● **What is needed**: Copy out the listing that follows exactly, dropping every picture.

*** Information shown

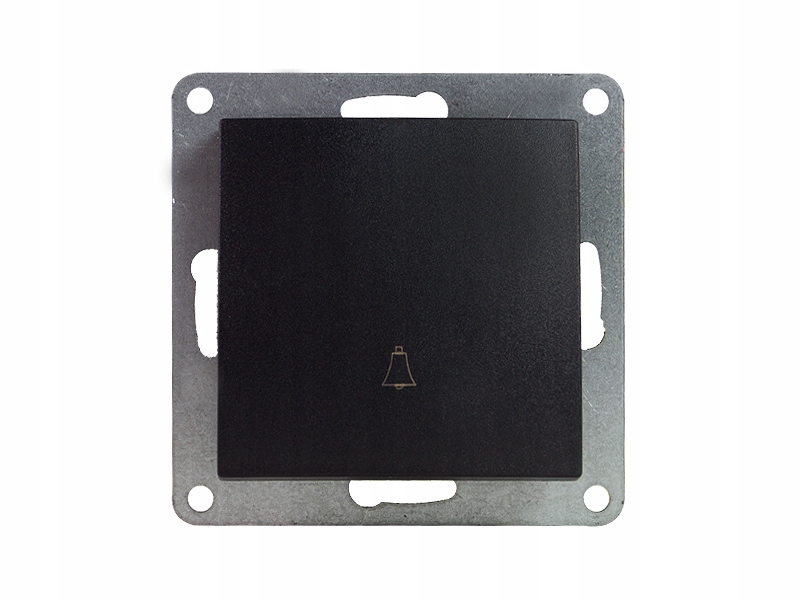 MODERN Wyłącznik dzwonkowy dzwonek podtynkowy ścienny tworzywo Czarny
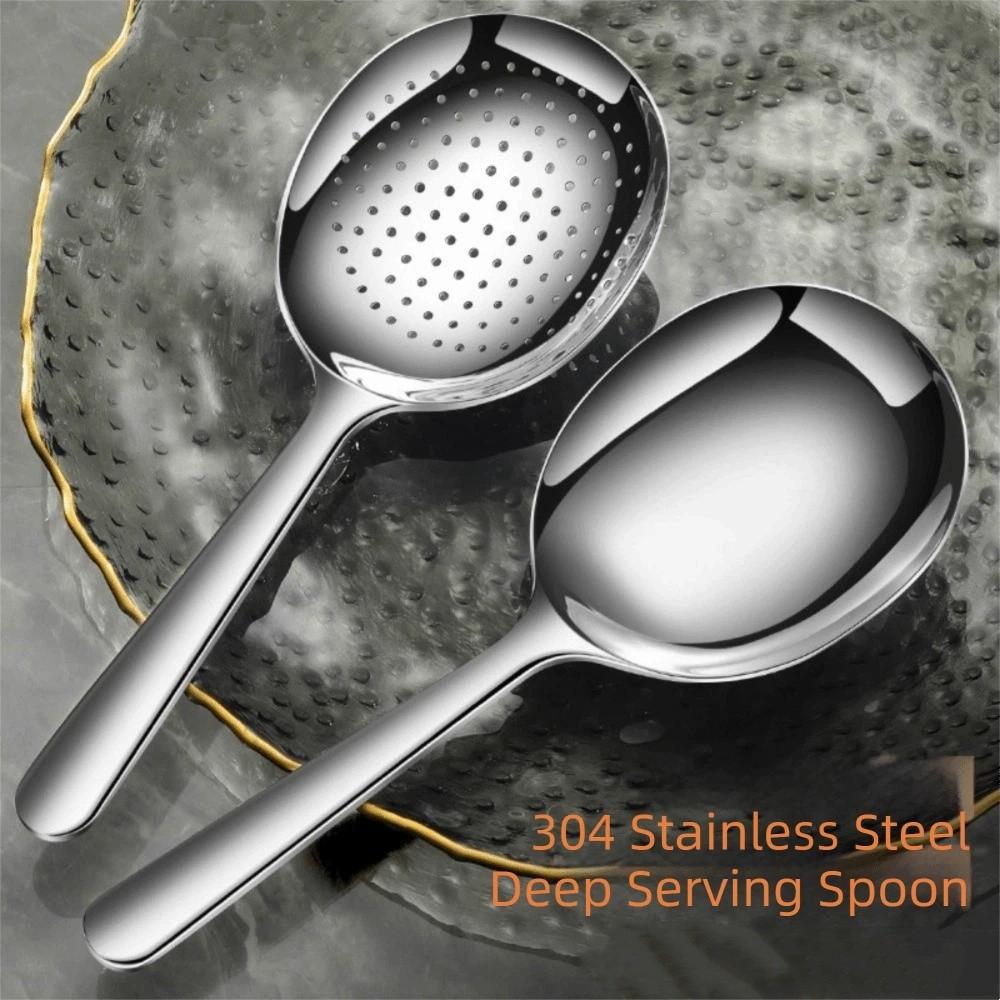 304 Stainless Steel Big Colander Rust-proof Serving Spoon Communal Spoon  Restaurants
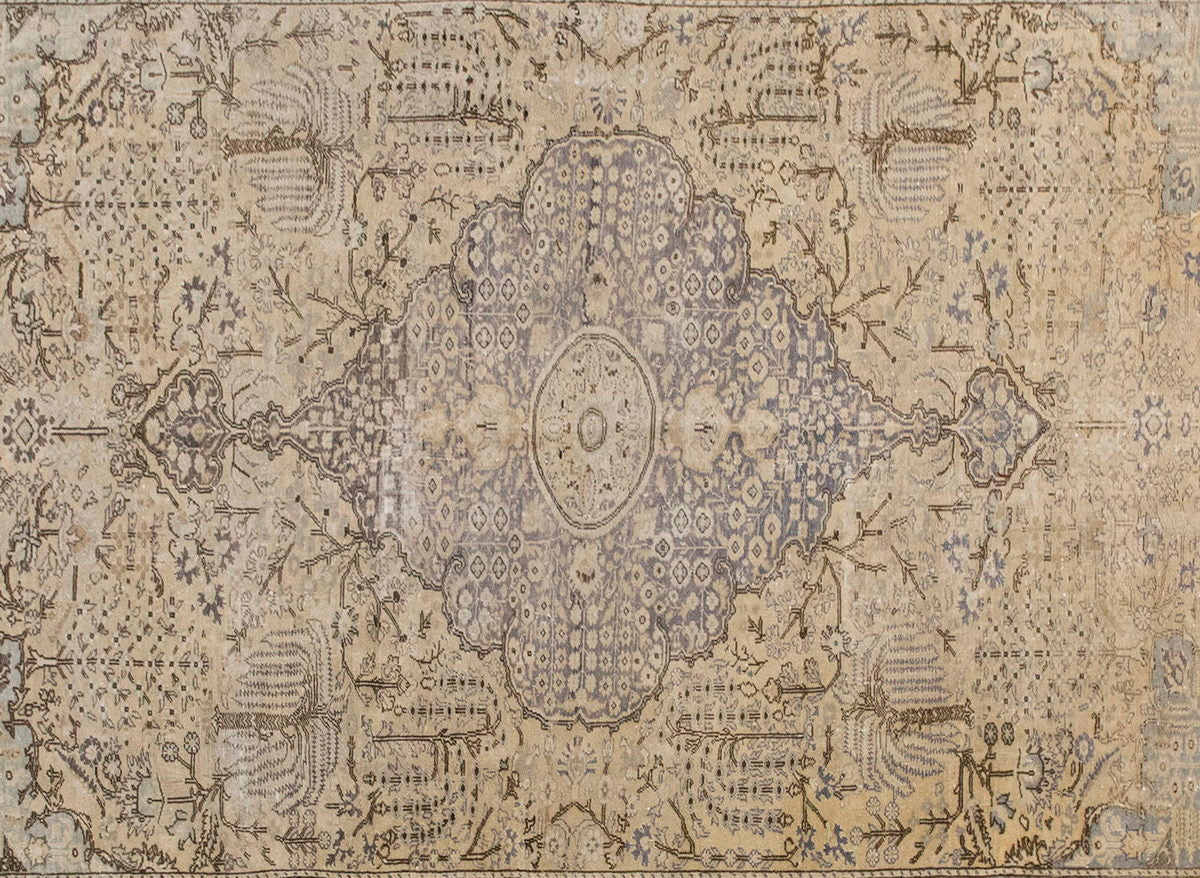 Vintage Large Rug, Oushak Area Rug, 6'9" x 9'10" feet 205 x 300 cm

******

● **Answer box**:
 MODERN Wyłącznik dzwonkowy dzwonek podtynkowy ścienny tworzywo Czarny
 304 Stainless Steel Big Colander Rust-proof Serving Spoon Communal Spoon  Restaurants
 Vintage Large Rug, Oushak Area Rug, 6'9" x 9'10" feet 205 x 300 cm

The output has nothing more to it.